Mount Patti | |
---|---|
Highest point | |
Elevation | 458 m (1,503 ft) |
Coordinates | 7°49′N 6°45′E / 7.817°N 6.750°E |
Geography | |
Location | Nigeria |
The Mount Patti Hill is a 1503 foot-tall (458 m) mountain and tourist attraction in Lokoja, Nigeria. It is famous for being the place where British journalist and writer Flora Louise Shaw (later Flora Lugard) gave Nigeria its name.[1][2]
The name (Nigeria) was coined by Flora Shaw in 1914 when looking at Lokoja from top of The Mount Patti. It came into her mind because of the view of the Niger River and Benue, 6 kilometers away from the Mount.
In an essay that first appeared in The Times on 8 January 1897, Shaw suggested the name Nigeria for the British Protectorate on the Niger River. In her essay, She made the case for a shorter-term that would be used for the "agglomeration of pagan and Mohammedan States" to replace the official title, "Royal Niger Company Territories". She thought that the term "Royal Niger Company Territories" was too long to be used as a name of a Real Estate Property under the Trading Company in that part of Africa. She was in search of a new name, and she coined "Nigeria."

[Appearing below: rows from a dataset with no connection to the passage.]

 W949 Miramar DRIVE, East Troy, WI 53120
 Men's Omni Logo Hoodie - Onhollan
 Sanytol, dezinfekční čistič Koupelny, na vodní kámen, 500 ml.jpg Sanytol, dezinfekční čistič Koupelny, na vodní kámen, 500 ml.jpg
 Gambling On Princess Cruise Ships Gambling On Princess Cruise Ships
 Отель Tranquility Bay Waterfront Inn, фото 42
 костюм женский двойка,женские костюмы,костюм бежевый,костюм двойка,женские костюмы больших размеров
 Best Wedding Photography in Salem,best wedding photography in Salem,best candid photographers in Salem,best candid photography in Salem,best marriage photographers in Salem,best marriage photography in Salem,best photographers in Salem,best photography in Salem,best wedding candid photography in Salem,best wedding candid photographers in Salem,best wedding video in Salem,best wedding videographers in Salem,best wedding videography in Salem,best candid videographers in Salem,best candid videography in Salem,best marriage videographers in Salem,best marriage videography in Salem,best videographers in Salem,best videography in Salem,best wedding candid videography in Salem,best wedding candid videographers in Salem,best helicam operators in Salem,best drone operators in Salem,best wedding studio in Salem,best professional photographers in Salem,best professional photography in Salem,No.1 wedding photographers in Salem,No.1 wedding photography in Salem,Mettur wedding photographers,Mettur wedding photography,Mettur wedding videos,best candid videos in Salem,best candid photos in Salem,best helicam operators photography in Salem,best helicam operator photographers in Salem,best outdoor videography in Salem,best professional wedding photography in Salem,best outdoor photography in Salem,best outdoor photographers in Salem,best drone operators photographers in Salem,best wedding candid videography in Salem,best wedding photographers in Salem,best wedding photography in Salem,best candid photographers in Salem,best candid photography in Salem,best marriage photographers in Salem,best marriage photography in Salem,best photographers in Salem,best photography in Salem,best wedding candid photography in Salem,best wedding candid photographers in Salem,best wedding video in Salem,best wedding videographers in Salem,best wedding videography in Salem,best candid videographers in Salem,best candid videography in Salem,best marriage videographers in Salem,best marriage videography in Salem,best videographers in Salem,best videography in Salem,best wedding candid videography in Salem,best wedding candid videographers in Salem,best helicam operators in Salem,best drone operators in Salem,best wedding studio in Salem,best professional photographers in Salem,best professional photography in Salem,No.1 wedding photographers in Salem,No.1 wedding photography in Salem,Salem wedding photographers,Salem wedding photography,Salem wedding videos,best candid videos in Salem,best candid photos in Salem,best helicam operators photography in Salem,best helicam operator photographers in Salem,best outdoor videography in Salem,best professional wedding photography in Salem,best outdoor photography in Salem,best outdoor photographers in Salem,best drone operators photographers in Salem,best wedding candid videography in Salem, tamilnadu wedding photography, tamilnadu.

In The Times of 8 January 1897, she wrote, "The name Nigeria applying to no other part of Africa may without offense to any neighbors be accepted as co-extensive with the territories over which the Royal Niger Company has extended British influence, and may serve to differentiate them equally from the colonies of Lagos and the Niger Protectorate on the coast and from the French territories of the Upper Niger."
In 1900, the governor-general of Northern and Southern Protectorate of Nigeria Sir Lord Frederick Lugard and other colonial leaders resided their office and resting place on the Mountain, with the mount peak closed to the River Niger and Benue River.[3][4][5][6][7][8]
The first primary school in Northern Nigeria was located there, built-in 1865.[7]
The name (Patti) is a Nupe word meaning hill, with (Mount) in short meaning of mountain.[9]